The communication bore 30 may be formed of two separate bores, instead of being divided by the partition wall 31, as shown in FIG. 9. Further, although in the illustrated embodiment the spaces 18, 18 of the cylinder block constituent pieces 3a, 3b are in communication with each other through the communication bore 30, alternatively the communication bore 30 may be removed so that the high pressure medium chambers 32, 32 and the low pressure medium chambers 33, 33 may be used merely as chambers in which medium is temporarily stored, as shown in FIG. 9.
Of the spaces 18, 19, 20, the two spaces 19, 20 which are located at lower portions of the cylinder block 3 are in communication with a swash chamber 5 in which the swash plate 1 is arranged and which is formed within the cylinder block 3 at its central portion. These spaces 19, 20 and a lower portion of the swash plate chamber 5 form an oil reservoir 29. Since the oil reservoir 29 is thus formed of the lower portion of the swash plate chamber 5 and the two spaces 19, 20, it has an increased volume as compared with the oil reservoir provided in the conventional swash-plate type compressor, to obtain an increased oil storing capacity. In addition, since the lower spaces 19, 20 are located at right and left locations in a lower portion of each constituent piece 3a or 3b so that the uppermost portions of the spaces 19, 20 are substantially on the same level with the drive shaft 2, the oil level L in the oil reservoir 29 can be elevated up to the level of the drive shaft 2. Therefore, the thrust bearings 7, 8, the radial bearings 9, 10, the piston 21 received within the lower cylinder bore 17, and the balls 24, 25 and shoes 26, 27 interposed between this piston 21 and the swash plate 1 are wholly or partially submerged in the lubricating oil in the oil reservoir 29, permitting these parts to be directly lubricated, with no need of supplying oily mist thereto which is produced by the rotation of the swash plate 1.

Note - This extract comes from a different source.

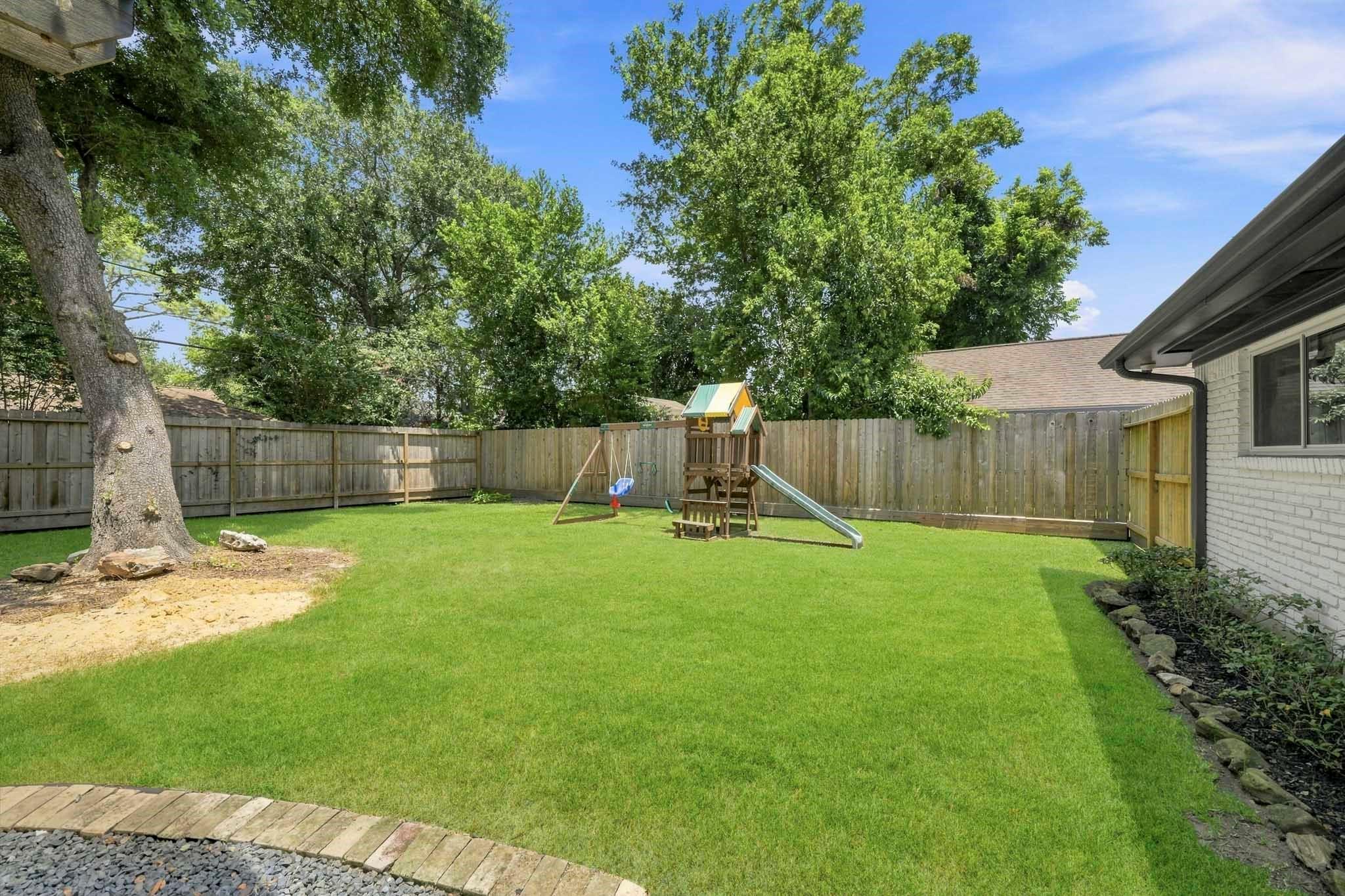 9634 Meadowglen Lane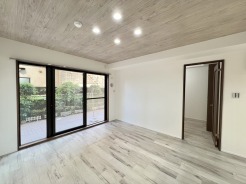 開放的なこの空間がお客様をお出迎えします。ＬＤＫは9.3帖。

A front cylinder head 13 and a rear cylinder head 14 are rigidly mounted on the opposite ends of the cylinder block 3 with front and rear valve plates 11, 12 intervening, respectively, between the front cylinder head 13 and the cylinder block 3 and between the rear cylinder head 14 and the cylinder block 3.
Referring now to the valve plates 11, 12, the rear valve plate 12 is illustrated in FIG. 6 which is formed with three suction bores 34, 35, 36 arranged at radially inward locations of the plate 12 and three discharge bores 37, 38, 39 arranged at radially outward locations of same, these locations corresponding to the locations of the cylinder bores 15, 16, 17 of the cylinder block 3. The valve plate 12 has three suction valves 40, 41, 42 mounted on its side surface facing the cylinder block 3 so as to cover the suction bores 34, 35, 36, respectively, and three discharge valves 43, 44, 45 mounted on its other side surface facing the rear cylinder head 14 so as to cover the discharge bores 37, 38, 39, respectively. The valve plate 12 is further formed with two through bores 46, 47 arranged at upper locations of the plate corresponding to the locations of the high pressure medium chamber 32 and low pressure medium chamber 33 of the cylinder block constituent piece 3b.
On the other hand, the front valve plate 11 is different in structure from the illustrated rear valve plate 12 only in that a through bore (not shown) is formed therein at its center through which the drive shaft 2 extends.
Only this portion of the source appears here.